To do.
Restate verbatim the span of lines below between the line with "Zero Game Chapter 170 - Trang 2" and the line with "Arena Classic Gorro", including those two lines, and only that span.

Source material.
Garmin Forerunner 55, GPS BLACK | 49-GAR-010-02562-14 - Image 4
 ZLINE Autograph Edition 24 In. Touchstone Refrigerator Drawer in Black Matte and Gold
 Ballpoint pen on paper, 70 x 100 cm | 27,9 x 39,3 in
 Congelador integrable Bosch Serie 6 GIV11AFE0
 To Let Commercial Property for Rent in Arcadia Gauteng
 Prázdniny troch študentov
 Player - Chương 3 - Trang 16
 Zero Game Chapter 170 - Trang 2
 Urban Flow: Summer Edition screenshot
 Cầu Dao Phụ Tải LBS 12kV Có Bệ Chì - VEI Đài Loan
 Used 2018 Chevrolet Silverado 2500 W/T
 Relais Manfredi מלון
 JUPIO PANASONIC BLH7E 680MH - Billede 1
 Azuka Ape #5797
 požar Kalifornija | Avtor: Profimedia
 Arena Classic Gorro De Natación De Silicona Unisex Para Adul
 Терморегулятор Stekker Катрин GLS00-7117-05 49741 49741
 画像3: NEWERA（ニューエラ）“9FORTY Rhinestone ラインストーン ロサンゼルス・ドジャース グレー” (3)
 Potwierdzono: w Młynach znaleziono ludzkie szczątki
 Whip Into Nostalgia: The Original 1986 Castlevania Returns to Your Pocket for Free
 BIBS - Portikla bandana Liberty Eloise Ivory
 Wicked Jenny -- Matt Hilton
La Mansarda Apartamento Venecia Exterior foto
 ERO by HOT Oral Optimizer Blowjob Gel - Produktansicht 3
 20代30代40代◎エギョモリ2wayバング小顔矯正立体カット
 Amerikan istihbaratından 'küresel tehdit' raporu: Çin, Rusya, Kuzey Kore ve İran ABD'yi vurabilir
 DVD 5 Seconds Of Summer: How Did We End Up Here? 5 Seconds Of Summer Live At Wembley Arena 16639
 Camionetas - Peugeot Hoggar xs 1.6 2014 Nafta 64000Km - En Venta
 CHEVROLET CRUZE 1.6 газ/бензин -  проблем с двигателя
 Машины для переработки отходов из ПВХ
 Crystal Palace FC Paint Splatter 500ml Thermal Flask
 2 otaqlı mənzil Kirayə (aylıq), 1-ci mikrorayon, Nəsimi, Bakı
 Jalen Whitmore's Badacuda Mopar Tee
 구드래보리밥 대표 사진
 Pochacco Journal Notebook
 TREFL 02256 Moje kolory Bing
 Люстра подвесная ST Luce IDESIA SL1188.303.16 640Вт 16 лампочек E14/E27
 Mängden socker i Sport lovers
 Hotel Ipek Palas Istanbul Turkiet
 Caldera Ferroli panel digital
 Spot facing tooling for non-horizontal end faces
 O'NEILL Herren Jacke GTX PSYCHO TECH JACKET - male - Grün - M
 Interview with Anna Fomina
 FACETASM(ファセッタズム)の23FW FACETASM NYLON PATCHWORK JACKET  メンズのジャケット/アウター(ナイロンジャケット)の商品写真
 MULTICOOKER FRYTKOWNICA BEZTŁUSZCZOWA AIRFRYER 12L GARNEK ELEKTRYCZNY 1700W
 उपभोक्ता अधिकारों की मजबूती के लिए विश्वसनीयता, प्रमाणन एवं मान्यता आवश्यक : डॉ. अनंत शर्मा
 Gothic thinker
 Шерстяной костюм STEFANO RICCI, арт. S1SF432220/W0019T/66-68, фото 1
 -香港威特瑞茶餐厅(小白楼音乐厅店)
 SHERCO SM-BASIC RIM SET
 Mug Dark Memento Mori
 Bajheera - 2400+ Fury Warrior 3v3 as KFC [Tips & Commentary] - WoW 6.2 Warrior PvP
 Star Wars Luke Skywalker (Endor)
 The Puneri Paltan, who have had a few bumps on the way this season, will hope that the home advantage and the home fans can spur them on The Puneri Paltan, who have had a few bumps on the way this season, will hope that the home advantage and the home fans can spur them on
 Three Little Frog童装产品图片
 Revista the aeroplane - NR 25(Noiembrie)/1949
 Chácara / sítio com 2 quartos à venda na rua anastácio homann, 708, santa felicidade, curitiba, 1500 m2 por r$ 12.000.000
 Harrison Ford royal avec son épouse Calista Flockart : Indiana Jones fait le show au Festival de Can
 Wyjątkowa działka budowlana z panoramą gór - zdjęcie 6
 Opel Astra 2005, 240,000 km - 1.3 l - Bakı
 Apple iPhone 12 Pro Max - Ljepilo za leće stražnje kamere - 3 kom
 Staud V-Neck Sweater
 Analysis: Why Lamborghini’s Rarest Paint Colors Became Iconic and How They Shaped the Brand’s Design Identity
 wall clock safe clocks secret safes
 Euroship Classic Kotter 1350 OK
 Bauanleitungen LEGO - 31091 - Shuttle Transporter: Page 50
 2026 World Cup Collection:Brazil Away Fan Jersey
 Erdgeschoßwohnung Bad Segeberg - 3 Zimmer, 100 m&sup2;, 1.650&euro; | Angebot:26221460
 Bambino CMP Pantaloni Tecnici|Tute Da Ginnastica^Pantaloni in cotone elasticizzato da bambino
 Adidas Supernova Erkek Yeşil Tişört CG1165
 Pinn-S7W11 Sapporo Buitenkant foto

Solution for this exercise.
 Zero Game Chapter 170 - Trang 2
 Urban Flow: Summer Edition screenshot
 Cầu Dao Phụ Tải LBS 12kV Có Bệ Chì - VEI Đài Loan
 Used 2018 Chevrolet Silverado 2500 W/T
 Relais Manfredi מלון
 JUPIO PANASONIC BLH7E 680MH - Billede 1
 Azuka Ape #5797
 požar Kalifornija | Avtor: Profimedia
 Arena Classic Gorro De Natación De Silicona Unisex Para Adul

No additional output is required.